→ TASK PROMPT
The entries below are to be repeated verbatim, in full.

→ TASK INPUT
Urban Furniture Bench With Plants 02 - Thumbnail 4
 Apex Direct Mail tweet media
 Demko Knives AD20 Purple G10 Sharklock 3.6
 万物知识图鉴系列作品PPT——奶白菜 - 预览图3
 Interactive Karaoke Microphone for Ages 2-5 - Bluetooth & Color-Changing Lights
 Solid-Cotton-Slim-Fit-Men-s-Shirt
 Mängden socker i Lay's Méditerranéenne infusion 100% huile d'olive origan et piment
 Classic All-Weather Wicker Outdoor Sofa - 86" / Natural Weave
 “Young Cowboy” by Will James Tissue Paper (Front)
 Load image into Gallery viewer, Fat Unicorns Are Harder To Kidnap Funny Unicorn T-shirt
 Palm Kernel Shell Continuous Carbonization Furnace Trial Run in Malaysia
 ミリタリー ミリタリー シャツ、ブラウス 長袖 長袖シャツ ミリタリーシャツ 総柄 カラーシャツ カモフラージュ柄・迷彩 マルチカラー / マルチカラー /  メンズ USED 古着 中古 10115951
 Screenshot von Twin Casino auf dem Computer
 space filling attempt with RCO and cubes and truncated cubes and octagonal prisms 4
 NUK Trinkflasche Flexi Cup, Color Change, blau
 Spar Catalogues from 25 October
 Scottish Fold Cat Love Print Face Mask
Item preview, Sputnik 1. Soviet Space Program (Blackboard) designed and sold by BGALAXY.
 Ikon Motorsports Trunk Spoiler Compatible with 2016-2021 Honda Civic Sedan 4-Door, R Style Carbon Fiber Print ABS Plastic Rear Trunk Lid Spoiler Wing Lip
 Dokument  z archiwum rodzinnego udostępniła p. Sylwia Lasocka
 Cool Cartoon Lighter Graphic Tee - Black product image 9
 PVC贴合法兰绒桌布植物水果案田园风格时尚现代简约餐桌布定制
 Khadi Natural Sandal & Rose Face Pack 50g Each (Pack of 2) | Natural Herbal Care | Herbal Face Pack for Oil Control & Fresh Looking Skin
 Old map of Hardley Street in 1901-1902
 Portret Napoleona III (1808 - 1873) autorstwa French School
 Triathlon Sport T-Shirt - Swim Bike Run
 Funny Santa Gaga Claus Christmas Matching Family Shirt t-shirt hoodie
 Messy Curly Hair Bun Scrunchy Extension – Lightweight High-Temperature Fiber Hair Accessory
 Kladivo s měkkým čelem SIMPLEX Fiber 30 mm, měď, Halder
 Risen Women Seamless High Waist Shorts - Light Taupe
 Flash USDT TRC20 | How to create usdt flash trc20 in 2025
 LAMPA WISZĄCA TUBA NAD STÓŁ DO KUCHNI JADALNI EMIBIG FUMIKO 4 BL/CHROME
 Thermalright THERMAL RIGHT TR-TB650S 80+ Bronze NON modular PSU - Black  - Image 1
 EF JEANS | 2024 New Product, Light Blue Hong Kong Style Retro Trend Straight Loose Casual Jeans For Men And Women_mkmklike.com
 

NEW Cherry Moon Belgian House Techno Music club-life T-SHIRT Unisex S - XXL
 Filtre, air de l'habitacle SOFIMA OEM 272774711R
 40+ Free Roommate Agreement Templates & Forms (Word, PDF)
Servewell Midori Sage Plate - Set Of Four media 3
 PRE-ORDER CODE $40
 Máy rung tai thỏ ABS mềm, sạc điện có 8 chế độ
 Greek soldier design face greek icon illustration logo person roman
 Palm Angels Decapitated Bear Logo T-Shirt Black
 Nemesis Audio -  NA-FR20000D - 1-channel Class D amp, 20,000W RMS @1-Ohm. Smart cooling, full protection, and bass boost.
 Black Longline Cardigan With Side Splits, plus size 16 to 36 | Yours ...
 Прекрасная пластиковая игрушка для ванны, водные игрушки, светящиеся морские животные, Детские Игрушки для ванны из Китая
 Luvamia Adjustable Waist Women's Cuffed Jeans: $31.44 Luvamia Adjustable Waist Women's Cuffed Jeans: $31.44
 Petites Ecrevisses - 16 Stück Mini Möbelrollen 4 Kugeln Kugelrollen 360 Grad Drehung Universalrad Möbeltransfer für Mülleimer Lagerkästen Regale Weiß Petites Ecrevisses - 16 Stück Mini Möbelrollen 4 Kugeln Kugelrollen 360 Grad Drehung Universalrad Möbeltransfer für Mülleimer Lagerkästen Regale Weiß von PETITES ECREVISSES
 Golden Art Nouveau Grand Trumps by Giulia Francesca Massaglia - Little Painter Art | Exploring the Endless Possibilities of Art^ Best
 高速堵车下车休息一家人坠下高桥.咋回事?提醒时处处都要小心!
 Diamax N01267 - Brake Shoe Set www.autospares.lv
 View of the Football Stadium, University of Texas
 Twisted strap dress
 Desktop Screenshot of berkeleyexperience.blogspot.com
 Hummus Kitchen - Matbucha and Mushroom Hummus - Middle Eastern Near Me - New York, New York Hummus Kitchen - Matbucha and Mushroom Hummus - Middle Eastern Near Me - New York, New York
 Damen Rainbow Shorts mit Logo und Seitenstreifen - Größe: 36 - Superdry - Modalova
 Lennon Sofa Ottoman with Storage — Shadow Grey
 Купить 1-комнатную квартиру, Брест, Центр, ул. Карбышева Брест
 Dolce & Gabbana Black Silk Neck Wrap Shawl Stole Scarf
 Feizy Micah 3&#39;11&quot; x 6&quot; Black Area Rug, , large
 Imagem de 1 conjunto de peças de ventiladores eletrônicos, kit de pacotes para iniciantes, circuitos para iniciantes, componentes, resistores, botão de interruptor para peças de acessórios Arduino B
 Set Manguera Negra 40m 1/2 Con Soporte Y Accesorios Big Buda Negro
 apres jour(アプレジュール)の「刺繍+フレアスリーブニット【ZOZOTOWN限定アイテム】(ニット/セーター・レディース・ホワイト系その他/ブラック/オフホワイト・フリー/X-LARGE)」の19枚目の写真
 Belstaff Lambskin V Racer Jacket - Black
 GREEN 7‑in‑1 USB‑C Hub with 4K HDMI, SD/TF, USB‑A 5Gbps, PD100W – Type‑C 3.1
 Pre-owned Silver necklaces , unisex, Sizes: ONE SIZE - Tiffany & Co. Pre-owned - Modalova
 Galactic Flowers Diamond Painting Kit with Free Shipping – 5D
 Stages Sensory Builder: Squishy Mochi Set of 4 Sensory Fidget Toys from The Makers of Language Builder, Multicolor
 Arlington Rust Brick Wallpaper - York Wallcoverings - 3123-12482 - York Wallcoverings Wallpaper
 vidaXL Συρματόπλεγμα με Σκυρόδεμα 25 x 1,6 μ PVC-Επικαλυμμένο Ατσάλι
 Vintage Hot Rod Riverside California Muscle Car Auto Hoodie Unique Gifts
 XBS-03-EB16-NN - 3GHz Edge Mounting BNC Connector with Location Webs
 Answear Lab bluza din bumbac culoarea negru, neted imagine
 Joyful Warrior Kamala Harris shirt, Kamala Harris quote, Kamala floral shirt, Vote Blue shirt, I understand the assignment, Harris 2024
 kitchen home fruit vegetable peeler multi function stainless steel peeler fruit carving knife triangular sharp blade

→ EXERCISE ANSWER
Urban Furniture Bench With Plants 02 - Thumbnail 4
 Apex Direct Mail tweet media
 Demko Knives AD20 Purple G10 Sharklock 3.6
 万物知识图鉴系列作品PPT——奶白菜 - 预览图3
 Interactive Karaoke Microphone for Ages 2-5 - Bluetooth & Color-Changing Lights
 Solid-Cotton-Slim-Fit-Men-s-Shirt
 Mängden socker i Lay's Méditerranéenne infusion 100% huile d'olive origan et piment
 Classic All-Weather Wicker Outdoor Sofa - 86" / Natural Weave
 “Young Cowboy” by Will James Tissue Paper (Front)
 Load image into Gallery viewer, Fat Unicorns Are Harder To Kidnap Funny Unicorn T-shirt
 Palm Kernel Shell Continuous Carbonization Furnace Trial Run in Malaysia
 ミリタリー ミリタリー シャツ、ブラウス 長袖 長袖シャツ ミリタリーシャツ 総柄 カラーシャツ カモフラージュ柄・迷彩 マルチカラー / マルチカラー /  メンズ USED 古着 中古 10115951
 Screenshot von Twin Casino auf dem Computer
 space filling attempt with RCO and cubes and truncated cubes and octagonal prisms 4
 NUK Trinkflasche Flexi Cup, Color Change, blau
 Spar Catalogues from 25 October
 Scottish Fold Cat Love Print Face Mask
Item preview, Sputnik 1. Soviet Space Program (Blackboard) designed and sold by BGALAXY.
 Ikon Motorsports Trunk Spoiler Compatible with 2016-2021 Honda Civic Sedan 4-Door, R Style Carbon Fiber Print ABS Plastic Rear Trunk Lid Spoiler Wing Lip
 Dokument  z archiwum rodzinnego udostępniła p. Sylwia Lasocka
 Cool Cartoon Lighter Graphic Tee - Black product image 9
 PVC贴合法兰绒桌布植物水果案田园风格时尚现代简约餐桌布定制
 Khadi Natural Sandal & Rose Face Pack 50g Each (Pack of 2) | Natural Herbal Care | Herbal Face Pack for Oil Control & Fresh Looking Skin
 Old map of Hardley Street in 1901-1902
 Portret Napoleona III (1808 - 1873) autorstwa French School
 Triathlon Sport T-Shirt - Swim Bike Run
 Funny Santa Gaga Claus Christmas Matching Family Shirt t-shirt hoodie
 Messy Curly Hair Bun Scrunchy Extension – Lightweight High-Temperature Fiber Hair Accessory
 Kladivo s měkkým čelem SIMPLEX Fiber 30 mm, měď, Halder
 Risen Women Seamless High Waist Shorts - Light Taupe
 Flash USDT TRC20 | How to create usdt flash trc20 in 2025
 LAMPA WISZĄCA TUBA NAD STÓŁ DO KUCHNI JADALNI EMIBIG FUMIKO 4 BL/CHROME
 Thermalright THERMAL RIGHT TR-TB650S 80+ Bronze NON modular PSU - Black  - Image 1
 EF JEANS | 2024 New Product, Light Blue Hong Kong Style Retro Trend Straight Loose Casual Jeans For Men And Women_mkmklike.com
 

NEW Cherry Moon Belgian House Techno Music club-life T-SHIRT Unisex S - XXL
 Filtre, air de l'habitacle SOFIMA OEM 272774711R
 40+ Free Roommate Agreement Templates & Forms (Word, PDF)
Servewell Midori Sage Plate - Set Of Four media 3
 PRE-ORDER CODE $40
 Máy rung tai thỏ ABS mềm, sạc điện có 8 chế độ
 Greek soldier design face greek icon illustration logo person roman
 Palm Angels Decapitated Bear Logo T-Shirt Black
 Nemesis Audio -  NA-FR20000D - 1-channel Class D amp, 20,000W RMS @1-Ohm. Smart cooling, full protection, and bass boost.
 Black Longline Cardigan With Side Splits, plus size 16 to 36 | Yours ...
 Прекрасная пластиковая игрушка для ванны, водные игрушки, светящиеся морские животные, Детские Игрушки для ванны из Китая
 Luvamia Adjustable Waist Women's Cuffed Jeans: $31.44 Luvamia Adjustable Waist Women's Cuffed Jeans: $31.44
 Petites Ecrevisses - 16 Stück Mini Möbelrollen 4 Kugeln Kugelrollen 360 Grad Drehung Universalrad Möbeltransfer für Mülleimer Lagerkästen Regale Weiß Petites Ecrevisses - 16 Stück Mini Möbelrollen 4 Kugeln Kugelrollen 360 Grad Drehung Universalrad Möbeltransfer für Mülleimer Lagerkästen Regale Weiß von PETITES ECREVISSES
 Golden Art Nouveau Grand Trumps by Giulia Francesca Massaglia - Little Painter Art | Exploring the Endless Possibilities of Art^ Best
 高速堵车下车休息一家人坠下高桥.咋回事?提醒时处处都要小心!
 Diamax N01267 - Brake Shoe Set www.autospares.lv
 View of the Football Stadium, University of Texas
 Twisted strap dress
 Desktop Screenshot of berkeleyexperience.blogspot.com
 Hummus Kitchen - Matbucha and Mushroom Hummus - Middle Eastern Near Me - New York, New York Hummus Kitchen - Matbucha and Mushroom Hummus - Middle Eastern Near Me - New York, New York
 Damen Rainbow Shorts mit Logo und Seitenstreifen - Größe: 36 - Superdry - Modalova
 Lennon Sofa Ottoman with Storage — Shadow Grey
 Купить 1-комнатную квартиру, Брест, Центр, ул. Карбышева Брест
 Dolce & Gabbana Black Silk Neck Wrap Shawl Stole Scarf
 Feizy Micah 3&#39;11&quot; x 6&quot; Black Area Rug, , large
 Imagem de 1 conjunto de peças de ventiladores eletrônicos, kit de pacotes para iniciantes, circuitos para iniciantes, componentes, resistores, botão de interruptor para peças de acessórios Arduino B
 Set Manguera Negra 40m 1/2 Con Soporte Y Accesorios Big Buda Negro
 apres jour(アプレジュール)の「刺繍+フレアスリーブニット【ZOZOTOWN限定アイテム】(ニット/セーター・レディース・ホワイト系その他/ブラック/オフホワイト・フリー/X-LARGE)」の19枚目の写真
 Belstaff Lambskin V Racer Jacket - Black
 GREEN 7‑in‑1 USB‑C Hub with 4K HDMI, SD/TF, USB‑A 5Gbps, PD100W – Type‑C 3.1
 Pre-owned Silver necklaces , unisex, Sizes: ONE SIZE - Tiffany & Co. Pre-owned - Modalova
 Galactic Flowers Diamond Painting Kit with Free Shipping – 5D
 Stages Sensory Builder: Squishy Mochi Set of 4 Sensory Fidget Toys from The Makers of Language Builder, Multicolor
 Arlington Rust Brick Wallpaper - York Wallcoverings - 3123-12482 - York Wallcoverings Wallpaper
 vidaXL Συρματόπλεγμα με Σκυρόδεμα 25 x 1,6 μ PVC-Επικαλυμμένο Ατσάλι
 Vintage Hot Rod Riverside California Muscle Car Auto Hoodie Unique Gifts
 XBS-03-EB16-NN - 3GHz Edge Mounting BNC Connector with Location Webs
 Answear Lab bluza din bumbac culoarea negru, neted imagine
 Joyful Warrior Kamala Harris shirt, Kamala Harris quote, Kamala floral shirt, Vote Blue shirt, I understand the assignment, Harris 2024
 kitchen home fruit vegetable peeler multi function stainless steel peeler fruit carving knife triangular sharp blade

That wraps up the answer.